Taiwan’s Labour Pension Fund (LPF) is inviting locally incorporated asset managers to bid for its first batch of domestic equity mandates this year totalling NT$30 billion ($1 billion).
The mandates will be shared among six managers, four of which will be picked to run a combined NT$20 billion under Taiwan’s new pension fund system and two to run NT$10 billion under the old system.
The management fee payable to the selected managers is 0.07%, which could go up to 0.1% if the manager beats its benchmark.
Valid for four years, these mandates target relative return over the benchmark Taiwan Stock Exchange Corporation (TSEC) weighted index. The highest level of cumulative tracking error the LPF will allow is 3% on an annualised basis.
In accordance with the guidelines, selected managers must allocate at least 70% of the portfolio to domestic stocks, while portfolio construction should take no longer than seven working days.
Each trustee can invest no more than 10% of a mandate’s AUM in a single stock (5% in the over-the-counter market), and 5% in a bond issued by a financial institution or corporation.
Trading in stock index futures is permitted, and short-hedged trades cannot exceed the cash position of total stock holdings for that day.
Up to 50% of securities in the portfolio can be lent for no longer than six months, which can be rolled over once.
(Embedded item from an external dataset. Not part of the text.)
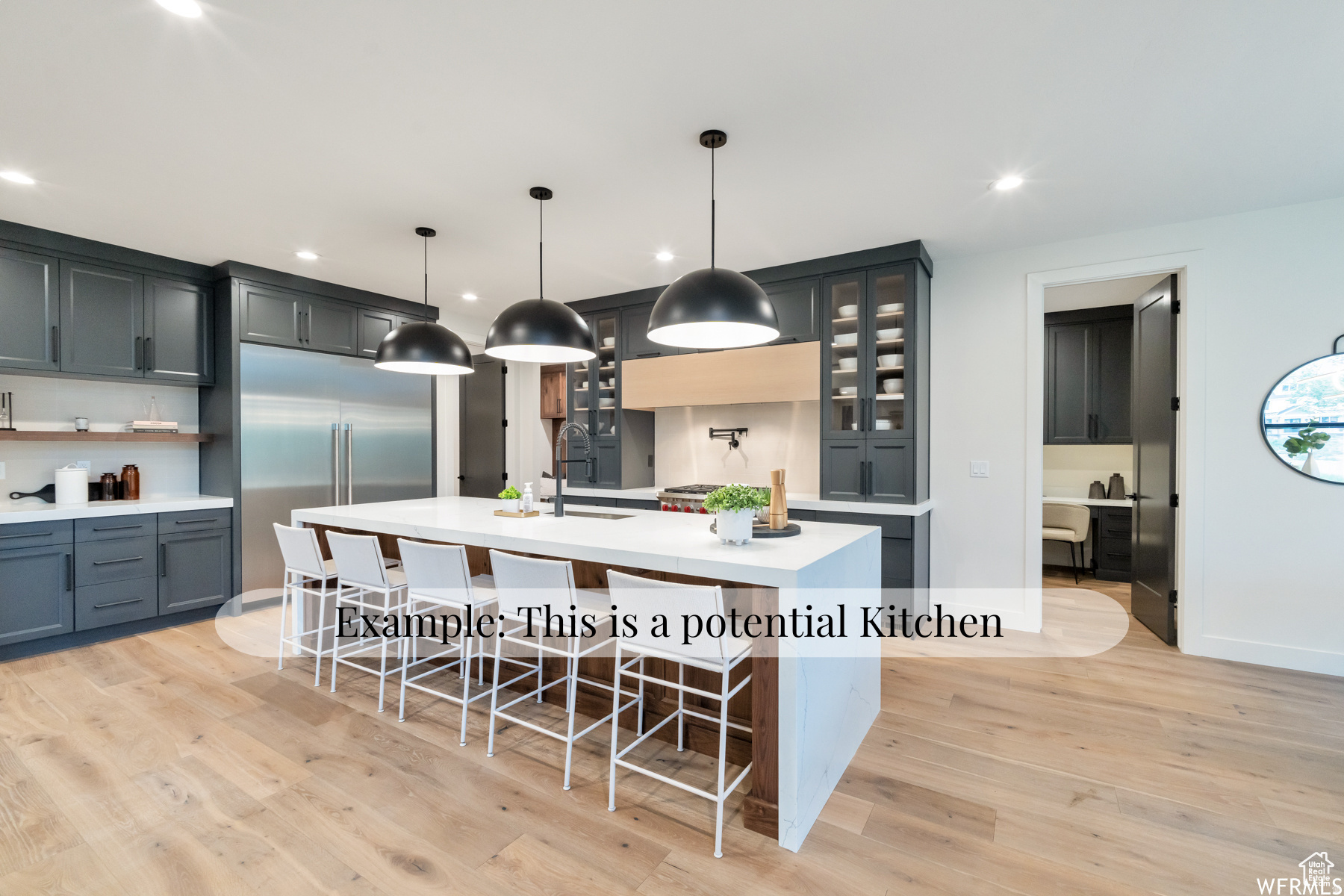 FRONTIER ESTATES - Residential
Asset managers can keep 10% of fees for securities lending.
Eligible applicants must have had an operating history of over three years by the end of 2011 with total AUM above NT$10 billion.
Any equity, index or balanced fund submitted in an application needs to have had an AUM consistently above NT$ 1 billion for the past three years, a tracking error no higher than 12% and an accumulated return above the median according to rankings of the Securities Investment Trust and Consulting Association.
Applicants should also demonstrate accumulated returns on mandates that have consistently beaten their benchmarks or the TSEC weighted index over the past three years.
The LPF will not consider asset managers if they have had mandates terminated due to poor performance between May 18 last year – when its last domestic equity mandate commenced – and January 30 this year.
The application period for these mandates ends on February 20 and LPF has said it will have finished reviews by March 27.